In case you have been away from the Wonderful World of Physics for the past few weeks there is now evidence for the Standard Model Brout­-Englert­-Higgs Boson, with a mass of approximately 125 GeV/c2, from the ATLAS, CMS, CDF, DZero, and the combined CDF+Zero experiments [Moriond 2012 Conference, FNAL press release]. This is really exciting, and measurements of Higgs-related processes will definitely have a profound impact on the viability of Beyond the Standard Model theories like supersymmetry and technicolor.

Enough about Higgs, though. Of the many, MANY reasons for constructing the Large Hadron Collider and the Detector Experiments, one of my personal favorites is

to search for evidence of quantum gravity in TeV-scale proton collisions.

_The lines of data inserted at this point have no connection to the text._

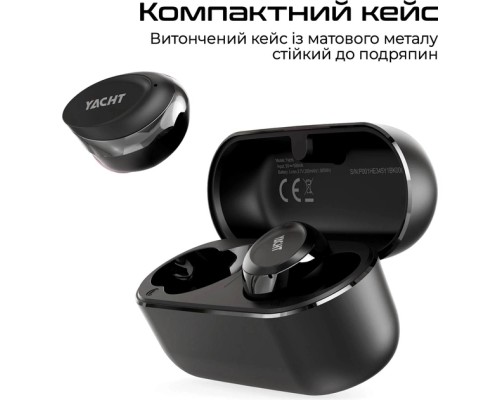 Навушники HIFuture Yacht Black (yacht.black)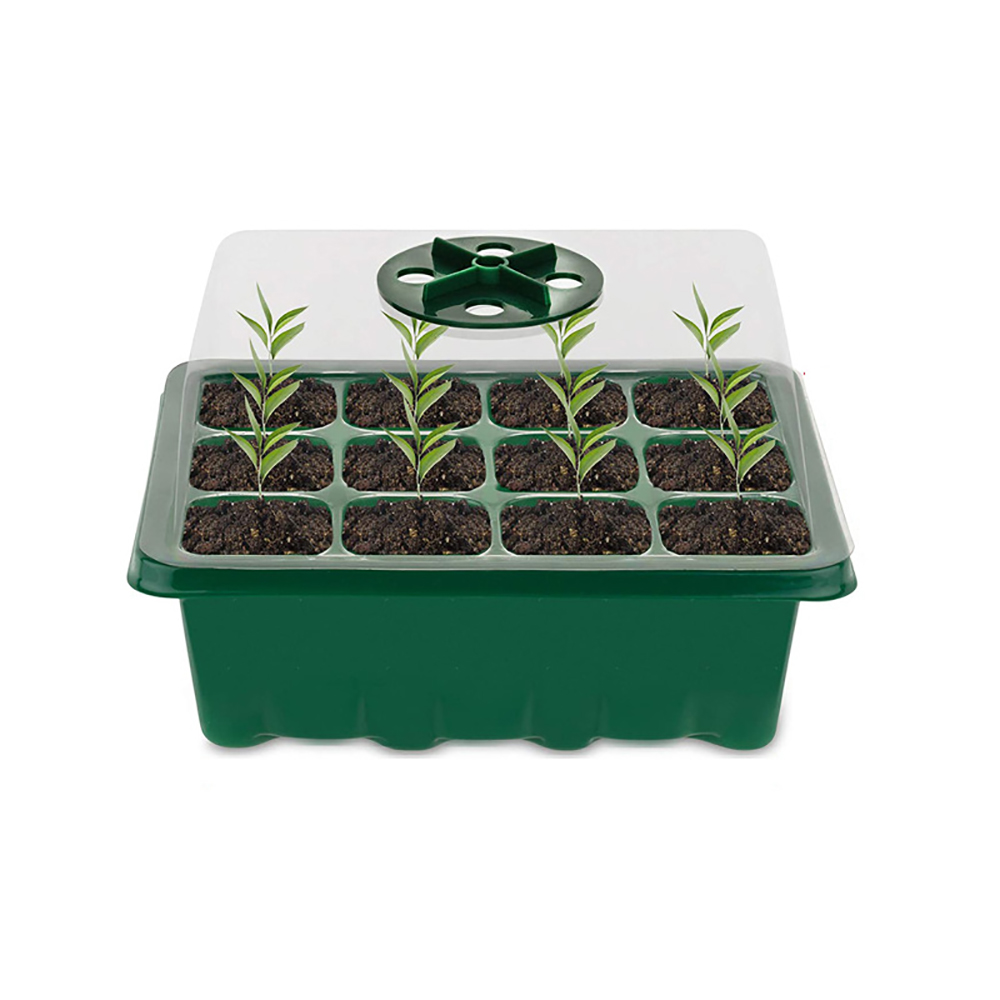 ถาดเพาะเมล็ดพร้อมไฟ Grow ชุดเพ - Humidity Dome Kit บทวิจารณ์และราคา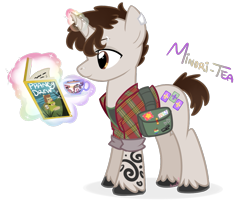 Size: 965x774 | Tagged: safe, artist:khimi-chan, imported from derpibooru, oc, oc only, pony, unicorn, bag, glowing, glowing horn, horn, magic, male, saddle bag, simple background, stallion, tattoo, telekinesis, transparent background, unicorn oc, unshorn fetlocks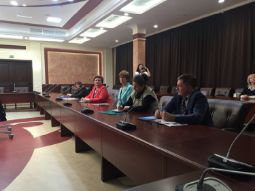 Встреча руководителей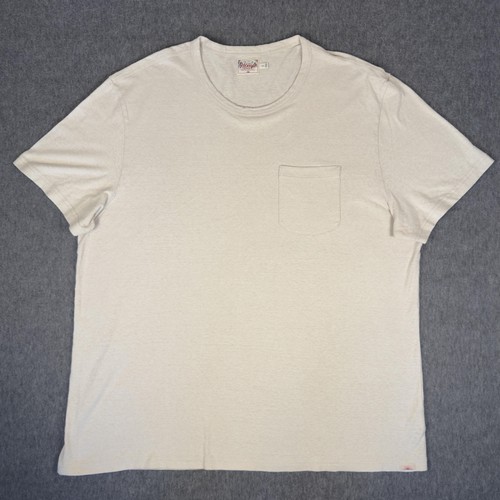Faherty hemp shirt mens xxl - faherty,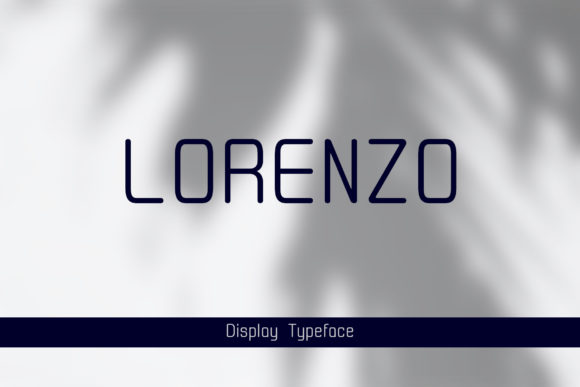 Lorenzo Display Font for Small Business Branding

We know pretty well that gravity exists. (If you have issue with this, buy two apples and while eating one let go of the other.) We also know things like electrons, muons, & photons exist. (Flip on a light switch or buy a Geiger counter.) What we are less sure about is how, on an elementary level, are electrons, muons, & photons affected by gravity?

Figure 1: An example of a black hole (center) demonstrating Hawking radiation, which is when a black hole radiates, or emits,  particles (e & γ) through interaction with virtual particles.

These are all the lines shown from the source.